Personalmente non credo ad un suo rientro e tantomeno credo che si schiererà esplicitamente con un singolo partito, ma non c’è dubbio che il nuovo scenario a guida Meloni abbia riportato interesse su un personaggio che – comunque giudicato – aveva dimostrato per vent’anni la volontà e la possibilità concreta di rinnovare profondamente la destra italiana.
Mai come in questo governo (e lo conferma anche la lista dei sottosegretari) quella che fu Alleanza Nazionale è tornata ad occupare con propri uomini (e donne) molte caselle nei dintorni di Palazzo Chigi, ma non è questo il punto.
Il percorso politico di Fini è stato infatti una progressione politica che è partita fondando Alleanza Nazionale dalle ceneri del fu Movimento Sociale (1995) ma poi, negli anni, ha assunto posizioni a volte contrastanti con il cliché di una destra tradizionalista, conservatrice e in qualche modo “convenzionale”.
Chi ricorda il percorso politico di Fini – prima ancora di lasciare Berlusconi per fondare “Futuro e Libertà”, spinto anche da alcuni amici che aveva intorno che si sono poi mostrati delle autentiche serpi – ricorderà che su diversi temi “civici” od etici la linea di Fini era diversa perfino da quella del proprio partito, si pensi a quella sui referendum sulla procreazione assistita, e non è un caso che ad un certo punto con lui si schierarono persone che oggi – come Della Vedova – sono riapprodate su posizioni radicali o di +Europa, nei diretti paraggi del PD.
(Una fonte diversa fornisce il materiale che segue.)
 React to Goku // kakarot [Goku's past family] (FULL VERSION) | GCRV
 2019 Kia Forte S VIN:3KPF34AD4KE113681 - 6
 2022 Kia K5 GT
L’ex presidente della Camera ha più volte ribadito di non voler dare consigli a nessuno, di non voler porsi come un grillo parlante alle spalle della premier (con cui però non ha smentito di aver ripreso i rapporti), ma piuttosto di continuare a pensare che la destra italiana debba andare non solo oltre alla polemica fascismo-antifascismo, ma soprattutto muoversi più spedita sul campo dei diritti civili, dell’integrazione, forse anche di una maggiore visibilità ed indipendenza dell’Italia nella politica internazionale.
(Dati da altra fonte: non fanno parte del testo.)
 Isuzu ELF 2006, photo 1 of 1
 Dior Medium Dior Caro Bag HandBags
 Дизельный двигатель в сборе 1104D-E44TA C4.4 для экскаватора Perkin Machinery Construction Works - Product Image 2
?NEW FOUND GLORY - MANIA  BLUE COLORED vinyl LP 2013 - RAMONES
Fini penso sia ben consapevole – credo con amarezza – di essersi “bruciato” anche per colpe proprie, e soprattutto per aver sottovalutato la continuità di Berlusconi di cui legittimamente si sentiva il successore (ma il Cavaliere sembra tuttora inossidabile, anche se a volte in maniera perfino patetica), ammettendo pubblicamente di aver sbagliato facendo confluire Alleanza Nazionale del “Popolo della Libertà”.
La storia non si costruisce con i “se”, piuttosto (anche perché chi ha rappresentato per cinque anni la terza carica dello Stato non può certo accontentarsi di fare un sottosegretario qualunque) Fini ci tiene correttamente a dimostrarsi e confermarsi come il “padre nobile” (o almeno lo zio) di una destra che alla fine ha ora concluso la sua traversata oceanica, dopo che lui stesso – e questa è una verità – per primo si mise a scioglierne le vele.
Non credo quindi che Fini voglia tornare “in politica”, ma penso che lo ascolteremo più spesso, anche perché intervenendo dall’Annunziata si è confermato sobrio, concreto, propositivo, almeno per i molti italiani che in lui avevano visto un suo futuro da premier e ne erano rimasti profondamente delusi e tristemente disillusi dieci anni fa. In qualche modo il tempo ha rimarginato certe ferite, ed ecco che si percepisce la classe di un personaggio che resta comunque al di sopra della media politica italiana. Come per Almirante nei suoi confronti a fine anni ’80 è forse scritto che tocca ad altre generazioni gustare il successo, comunque tenendo accesa quella fiamma di continuità ideale della destra italiana che – al di là del facile gioco di parole legato al simbolo di FdI – è però comunque una realtà.